Welcome to NeoML documentation!

neoml module provides a Python interface for the C++ NeoML library.

NeoML is an end-to-end machine learning framework that allows you to build, train, and deploy ML models. This framework is used by ABBYY engineers for computer vision and natural language processing tasks, including image preprocessing, classification, document layout analysis, OCR, and data extraction from structured and unstructured documents.

Basic principles

Platform independence

The user interface is completely separated from the low-level calculations implemented by a math engine. The only thing you have to do is to specify at the start the type of the math engine that will be used for calculations. You can also choose to select the math engine automatically, based on the device configuration detected.

The rest of your machine learning code will be the same regardless of the math engine you choose.

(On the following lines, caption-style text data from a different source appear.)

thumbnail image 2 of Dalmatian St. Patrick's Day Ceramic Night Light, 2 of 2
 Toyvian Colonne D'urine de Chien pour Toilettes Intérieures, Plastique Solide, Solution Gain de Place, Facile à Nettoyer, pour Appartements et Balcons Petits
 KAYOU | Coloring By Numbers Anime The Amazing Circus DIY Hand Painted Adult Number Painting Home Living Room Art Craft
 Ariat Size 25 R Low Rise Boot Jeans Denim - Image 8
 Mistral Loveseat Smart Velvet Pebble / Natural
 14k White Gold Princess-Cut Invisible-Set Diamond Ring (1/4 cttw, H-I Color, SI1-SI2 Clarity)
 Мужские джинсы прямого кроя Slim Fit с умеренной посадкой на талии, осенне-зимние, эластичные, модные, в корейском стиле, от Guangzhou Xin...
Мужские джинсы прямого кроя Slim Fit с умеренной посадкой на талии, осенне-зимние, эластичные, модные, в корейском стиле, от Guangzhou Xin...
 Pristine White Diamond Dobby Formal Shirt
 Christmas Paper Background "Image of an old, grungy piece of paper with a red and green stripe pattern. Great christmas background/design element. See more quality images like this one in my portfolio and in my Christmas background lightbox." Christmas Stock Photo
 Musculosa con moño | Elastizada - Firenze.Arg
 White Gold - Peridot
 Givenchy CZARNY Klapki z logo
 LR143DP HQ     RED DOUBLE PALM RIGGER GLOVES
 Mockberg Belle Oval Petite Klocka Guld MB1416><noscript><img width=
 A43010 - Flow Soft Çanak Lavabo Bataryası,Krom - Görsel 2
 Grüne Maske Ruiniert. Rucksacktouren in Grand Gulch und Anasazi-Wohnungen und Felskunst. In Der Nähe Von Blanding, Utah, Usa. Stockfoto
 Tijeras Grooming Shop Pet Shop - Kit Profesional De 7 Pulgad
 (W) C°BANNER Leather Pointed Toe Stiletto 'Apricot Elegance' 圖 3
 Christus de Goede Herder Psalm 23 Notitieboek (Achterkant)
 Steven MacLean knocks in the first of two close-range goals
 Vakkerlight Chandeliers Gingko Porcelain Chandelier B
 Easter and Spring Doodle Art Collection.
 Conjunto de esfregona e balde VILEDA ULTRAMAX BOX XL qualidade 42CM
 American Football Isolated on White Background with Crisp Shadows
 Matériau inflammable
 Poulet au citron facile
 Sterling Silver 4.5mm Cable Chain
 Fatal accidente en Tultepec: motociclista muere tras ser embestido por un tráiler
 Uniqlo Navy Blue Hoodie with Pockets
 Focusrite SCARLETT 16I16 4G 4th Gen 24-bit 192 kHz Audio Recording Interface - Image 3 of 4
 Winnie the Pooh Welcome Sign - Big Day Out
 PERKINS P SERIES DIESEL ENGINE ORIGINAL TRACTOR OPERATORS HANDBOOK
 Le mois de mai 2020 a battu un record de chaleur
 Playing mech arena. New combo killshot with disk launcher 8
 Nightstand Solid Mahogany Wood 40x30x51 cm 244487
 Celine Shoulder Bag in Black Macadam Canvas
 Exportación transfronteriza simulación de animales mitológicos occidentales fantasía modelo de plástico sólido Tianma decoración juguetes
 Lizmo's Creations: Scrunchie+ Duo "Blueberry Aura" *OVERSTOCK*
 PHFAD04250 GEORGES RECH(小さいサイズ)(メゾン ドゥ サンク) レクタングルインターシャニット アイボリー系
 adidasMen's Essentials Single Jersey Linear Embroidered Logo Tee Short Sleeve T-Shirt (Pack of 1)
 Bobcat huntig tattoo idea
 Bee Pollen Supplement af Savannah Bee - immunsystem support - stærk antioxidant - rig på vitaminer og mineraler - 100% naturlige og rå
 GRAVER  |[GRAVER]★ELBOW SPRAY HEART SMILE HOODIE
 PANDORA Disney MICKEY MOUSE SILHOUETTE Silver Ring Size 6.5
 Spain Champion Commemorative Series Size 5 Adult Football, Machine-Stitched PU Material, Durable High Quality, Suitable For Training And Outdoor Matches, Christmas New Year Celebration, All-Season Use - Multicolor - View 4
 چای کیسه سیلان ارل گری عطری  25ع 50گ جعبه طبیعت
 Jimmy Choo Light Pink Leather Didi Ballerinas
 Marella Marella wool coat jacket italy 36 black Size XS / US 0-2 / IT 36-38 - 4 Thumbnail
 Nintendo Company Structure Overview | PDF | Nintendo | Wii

Math engines independence

Each network works with one math engine instance, and all its layers should have been created with the same math engine. If you have chosen a GPU math engine, it will perform all calculations. This means you may not choose to use a CPU for “light” calculations like adding vectors and a GPU for “heavy” calculations like multiplying matrices. We have introduced this restriction to avoid unnecessary synchronizations and data exchange between devices.

Multi-threading support

The math engine interface is thread-safe; the same instance may be used in different networks and different threads. Note that this may entail some synchronization overhead.

However, the neural network implementation is not thread-safe; the network may run only in one thread.

Serialization format

The trained models can be serialized in the internal format compatible with C++ library version, or in the standard pickle format for Python.

GPU support

Processing on GPU often helps significantly improve performance of mathematical operations. The NeoML library uses GPU both for training and running the models. This is an optional setting and depends on the hardware and software capabilities of your system.

To work on GPU, the library requires an NVIDIA GPU card with CUDA 11.2 update 1 support.

Submodules

The Python API contains several submodules:

Tutorials

Here are several guides that walk you through using NeoML for simple practical tasks, illustrating the specifics of building NeoML networks, working with the blob data format, and evaluating the performance.

Installation

Install a stable version of NeoML library from PyPI:

pip3 install neoml

Install the library you downloaded locally from our github repo:

cd <path to neoml>/NeoML/Python
python3 setup.py install

Supported Python versions: 3.8 to 3.11

If you’re going to use a GPU for processing, install also CUDA 11.8.